Between March 1994 and March 1995, Dr. Michael Reaves, M.D., evaluated Morgan's mental health at least six times. He observed Morgan to be "relatively articulate, intelligent [and] ... to have a rather quick wit about him." Dr. Reaves repeatedly diagnosed Morgan with recurrent major depression, alcohol abuse, cannabis abuse, and provisional schizoid personality disorder. Dr. Reaves rated Morgan's Global Assessment of Functioning (GAF) at 45/55.1 Dr. Reaves prescribed the continued use of antidepressive medication.
Between March 1994 and March 1995, Dr. Sally Grosscup, Ph.D., also performed a series of psychological evaluations of Morgan. Dr. Grosscup diagnosed Morgan with "Major Depressive Disorder, single episodes; severe, without psychotic features" and concluded that he had "a moderate to high suicide risk." In addition, she found repeatedly that Morgan suffered from alcohol dependence, cannabis abuse, amphetamine abuse, opioid abuse, nicotine dependence, inhalant abuse, and a probable borderline personality disorder. Dr. Grosscup assigned Morgan a GAF score of 49, with a high of 61 during the previous year. In one evaluation, Dr. Grosscup opined that "[Morgan]'s prognosis for change is extremely poor, given his probable character disorder. His condition has been long term and so far he only moderately responds to medication. He is probably functioning at the highest level of his current capacity."
Morgan applied for DIB and SSI on March 18, 1994, around the time Dr. Reaves and Dr. Grosscup began evaluating him. After his applications were denied initially and upon reconsideration, Morgan requested a disability hearing before an ALJ.

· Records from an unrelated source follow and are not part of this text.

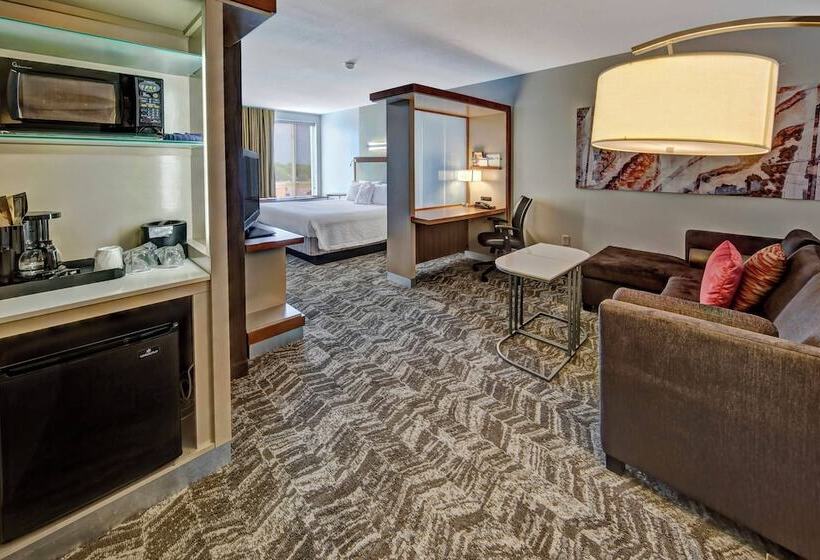 استودیوی استاندارد, Springhill Suites By Marriott Oklahoma City Moore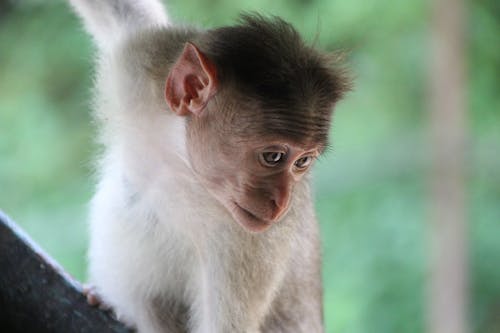 Free stock photo of monkey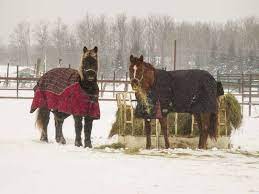 Cold Weather Tips For Horse Owners The Horse
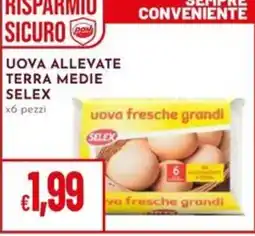 Pan Uova allevate terra medie selex offerta
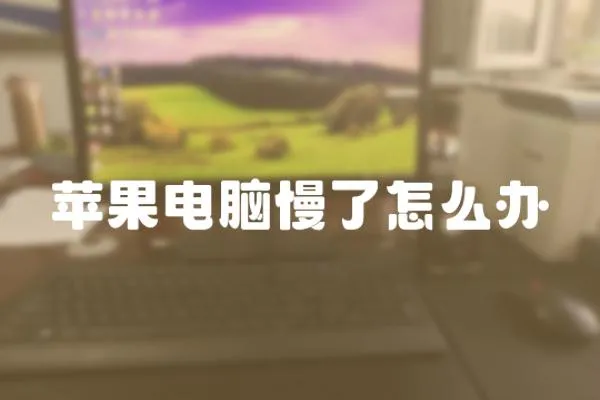 蘋果電腦慢了怎么辦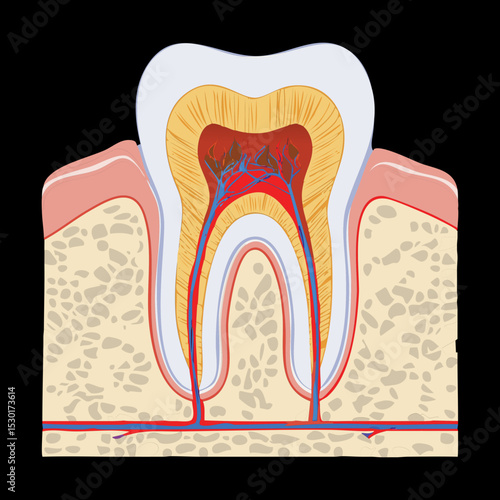 Tooth Embedded Gum Bone Detailed Anatomy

At the April 12, 1995 disability hearing, Dr. William McConochie, Ph.D., testified as a medical expert. Dr. McConochie stated that the medical evidence demonstrated a history of major depression "characterized by less than four years of the several symptoms listed, but including a sleep disturbance, difficulty concentrating, and thoughts of suicide." Dr. McConochie recognized that other medical examiners made a provisional diagnosis of personality disorder, but stated that he believed the medical evidence did not support this diagnosis. He stated that he agreed with the various professionals who considered Morgan an alcoholic, and that he considered Morgan's alcoholism and cannabis abuse the most important diagnoses. Dr. McConochie noted that, while Morgan's depression probably played a part in the primary diagnosis, it was more likely a side effect of the alcoholism and cannabis abuse. When asked about the "B" criteria of listing 12.00 of the Social Security Regulations,2 Dr. McConochie testified that Morgan did not meet the listings, having only slight difficulties in maintaining social functioning and never or seldom having deficiencies of concentration, persistence, or pace. Dr. McConochie also testified that Morgan had no significant limitations on a Mental Residual Functional Capacity assessment, contrary to the opinions of Dr. Reaves and Dr. Grosscup.
The ALJ issued a decision on August 24, 1995, denying Morgan's claim. In reaching his decision, the ALJ concluded that Morgan's allegations, both in his testimony and in his statements to the medical examiners, were not highly credible. The ALJ determined that clear conflict existed between Morgan's statements regarding the severity of his depression as he represented those symptoms and Morgan's behavior as observed under objective testing. This conflict between subjective testimony and objective medical evidence led the ALJ to conclude that Morgan's subjective complaints reflected a lack of credibility and a degree of exaggeration. The ALJ discounted, therefore, any medical findings based on Morgan's subjective complaints, including the medical examiners' opinions regarding his ability to work.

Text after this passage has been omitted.